◆ WHAT TO PRODUCE
Only the lines from the one containing "AMFUN 4PCS Mini" to the end of the data should be copied, exactly and without pictures.

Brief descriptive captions
○ ○ ○ ○ ○ ○ ○

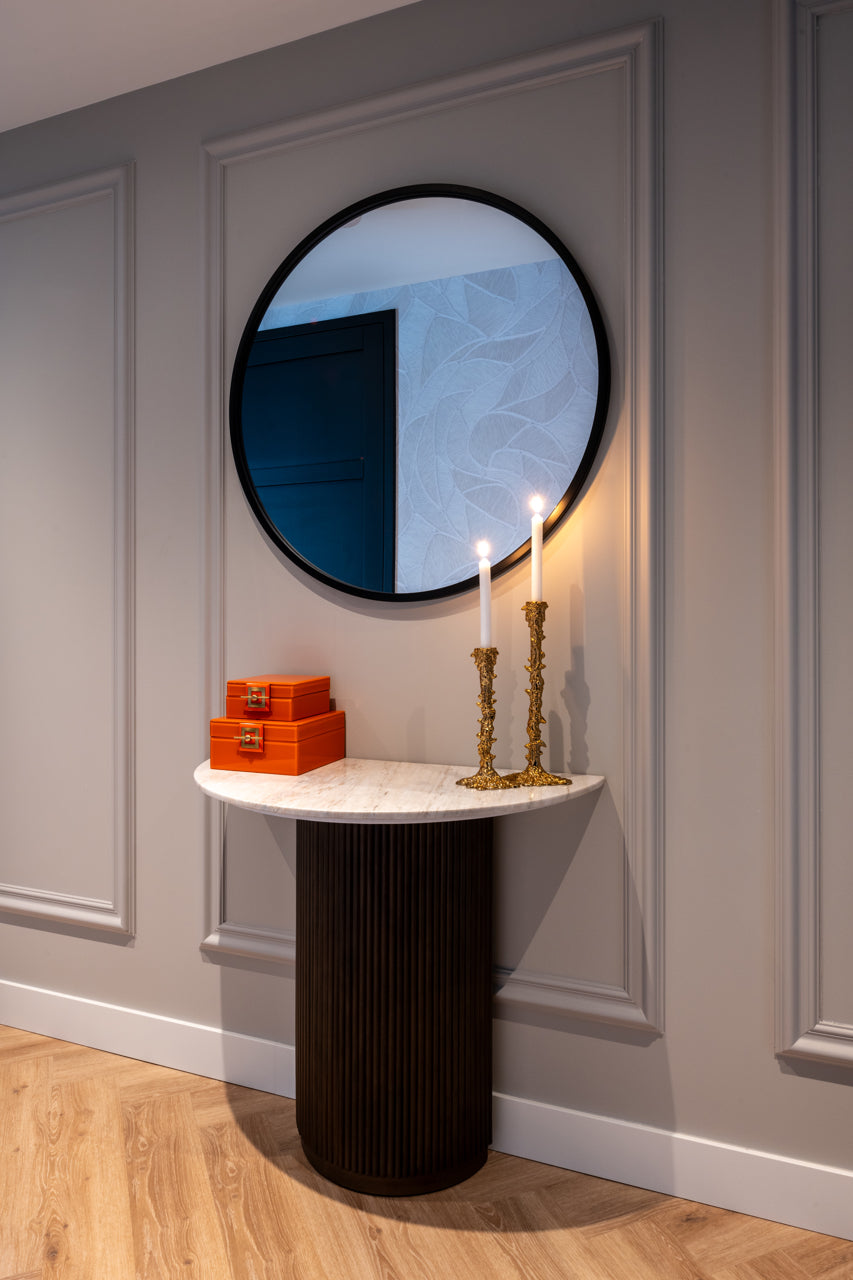 Luxury marble console table dark wood base hallway furniture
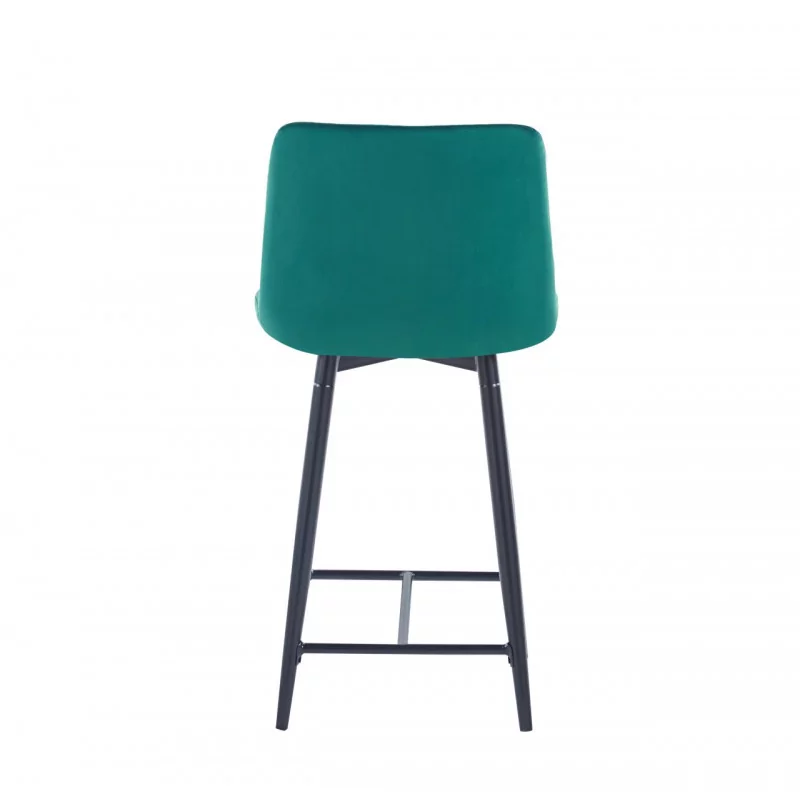 Tabouret Victor velours vert émeraude – Structure noire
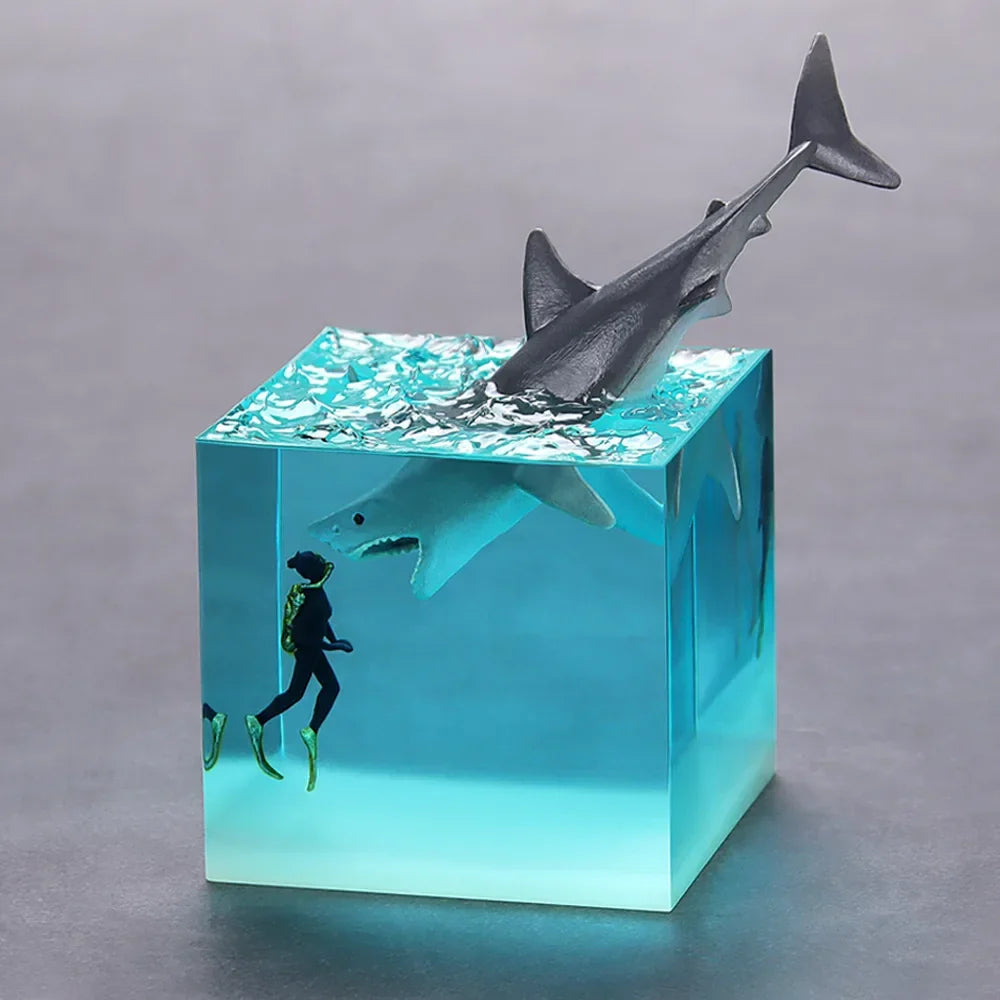 Cubo Luminoso in Resina — Vita dell'Oceano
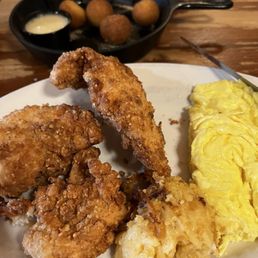 The Chicken Feast, it also includes a biscuit and pancakes
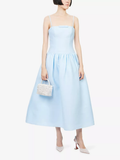 Self-Portrait x Disney Powder Blue Bow Detail Taffeta Flared Dress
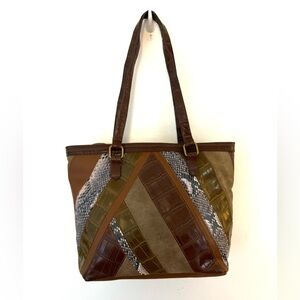 GAL Vintage Patchwork Faux Leather Suede Snakeskin Large Tote Shoulder Bag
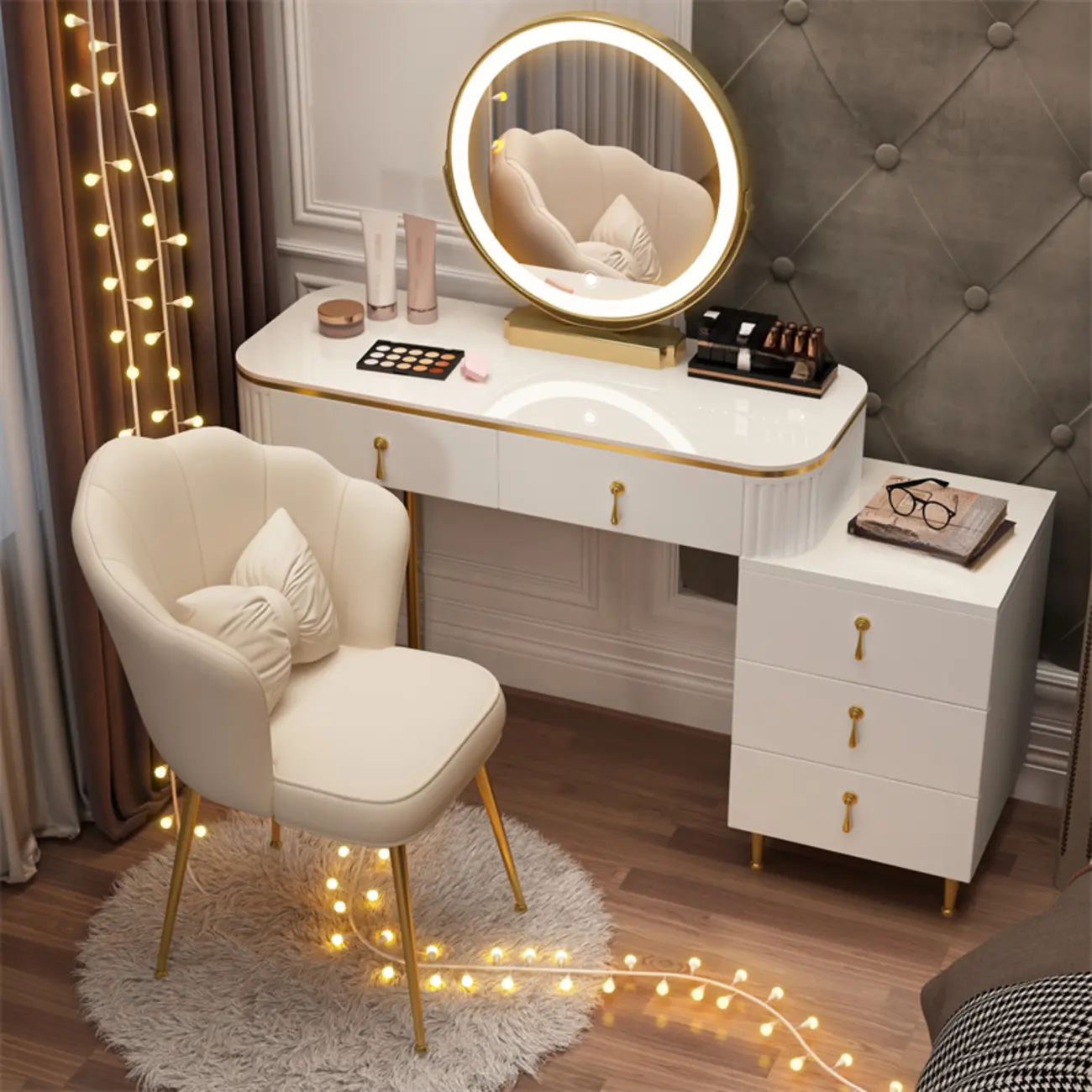 Elegant Wood Standard Storage Makeup Vanity Set White Image - 1 | homeyfad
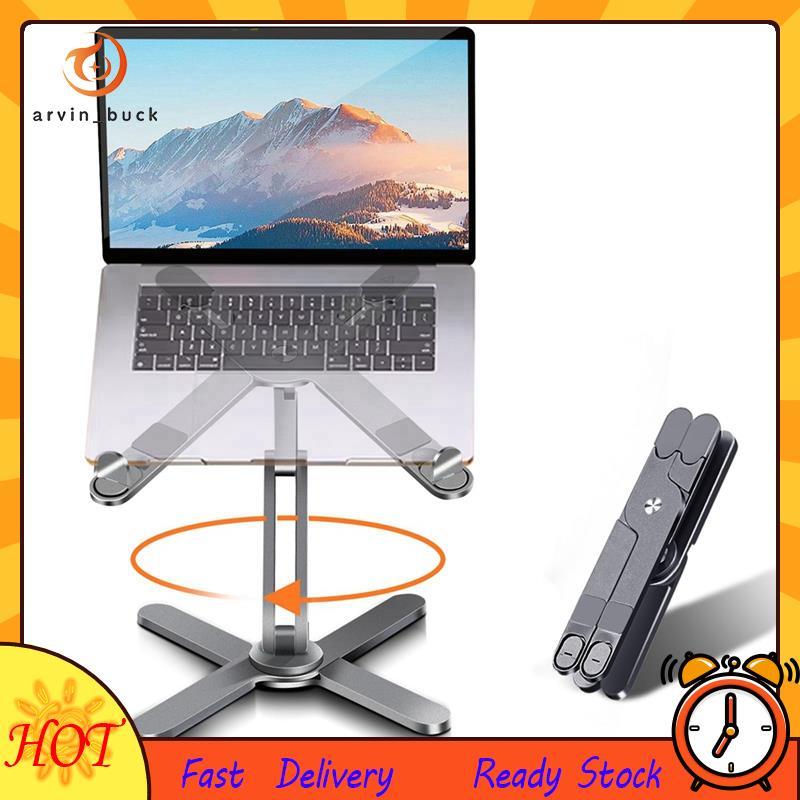 Suporte Giratório Para Laptop 360 Portátil Riser Ergonômico Computador Laptops Até 16 Polegadas Cinza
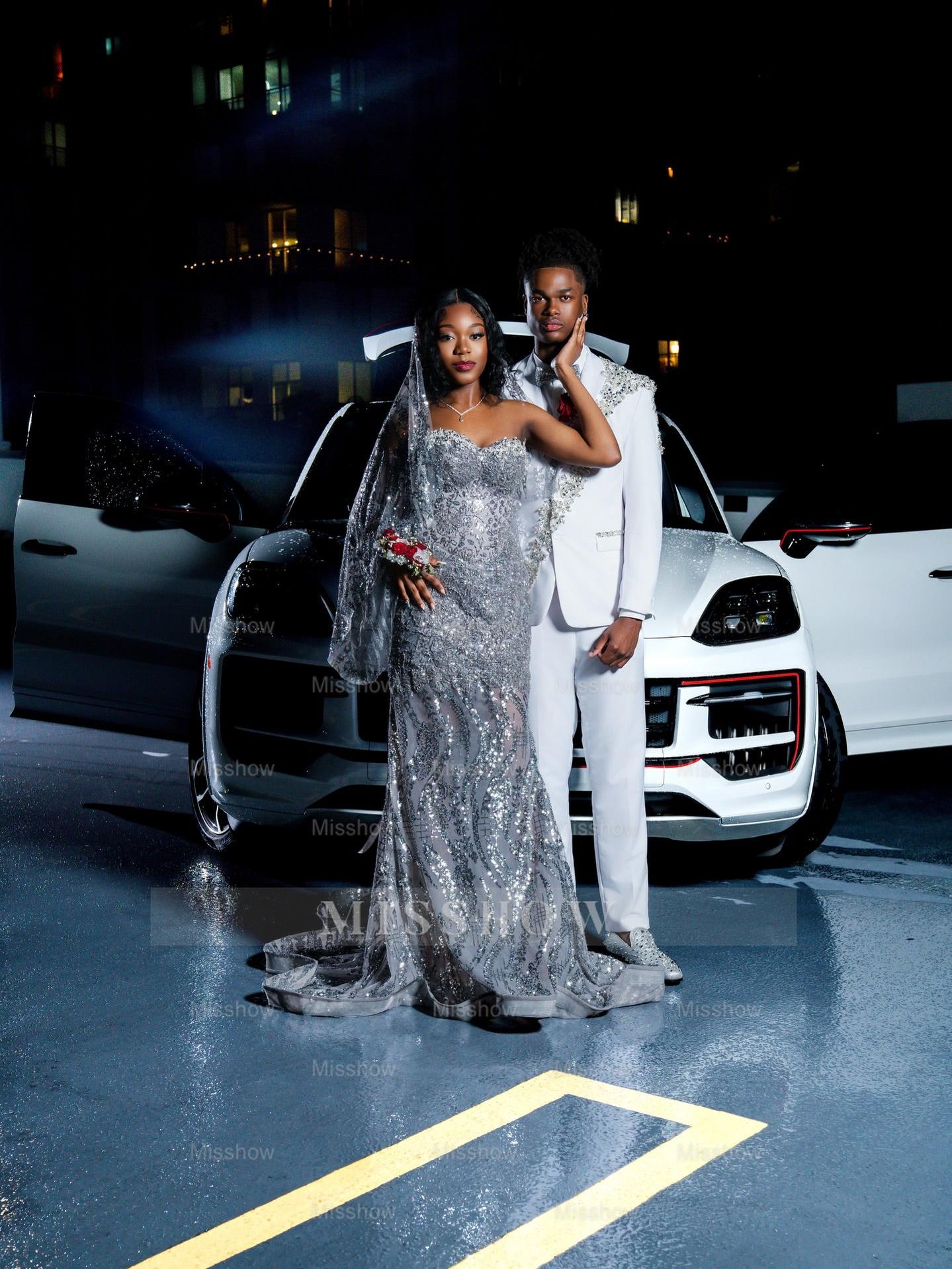 Silver Strapless Prom Dress Sequin Mermaid Gown with Veil and Beads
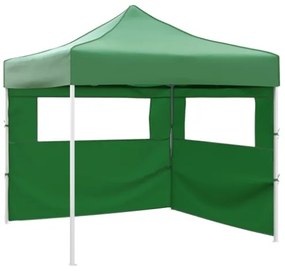 Tenda Pieghevole con 2 Pareti 3x3 m Verde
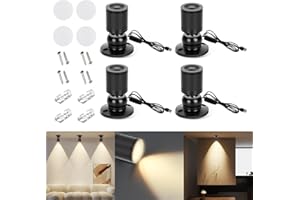 AMFUN 4PCS Mini Faretti a Spot, USB 5V 1W Vetrina per Gioielli Luci Dimmerabili LED Spot, Piccola Luce D'accento, Faretti da Lncasso a LED per Vetrine, Gioielli, Armadi, Modelli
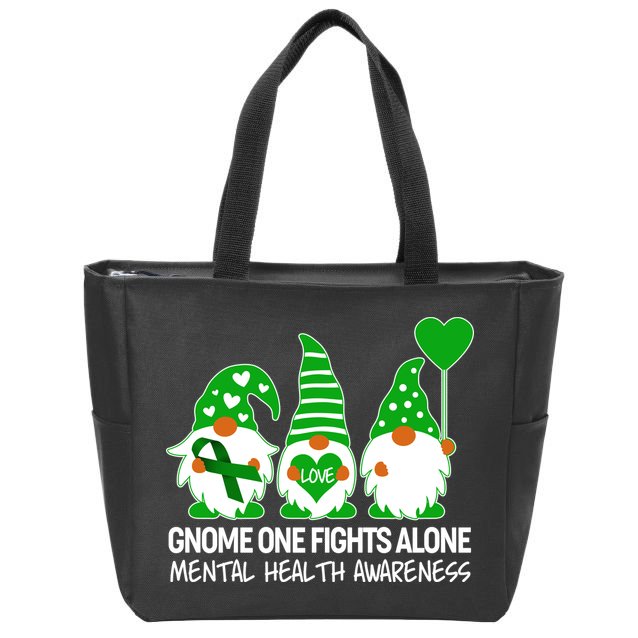 Gnome One Fights Alone Mental Health Awareness Zip Tote Bag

○ ○ ○ ○ ○ ○ ○

◆ RESULT FOR THIS TASK
 AMFUN 4PCS Mini Faretti a Spot, USB 5V 1W Vetrina per Gioielli Luci Dimmerabili LED Spot, Piccola Luce D'accento, Faretti da Lncasso a LED per Vetrine, Gioielli, Armadi, Modelli
 Gnome One Fights Alone Mental Health Awareness Zip Tote Bag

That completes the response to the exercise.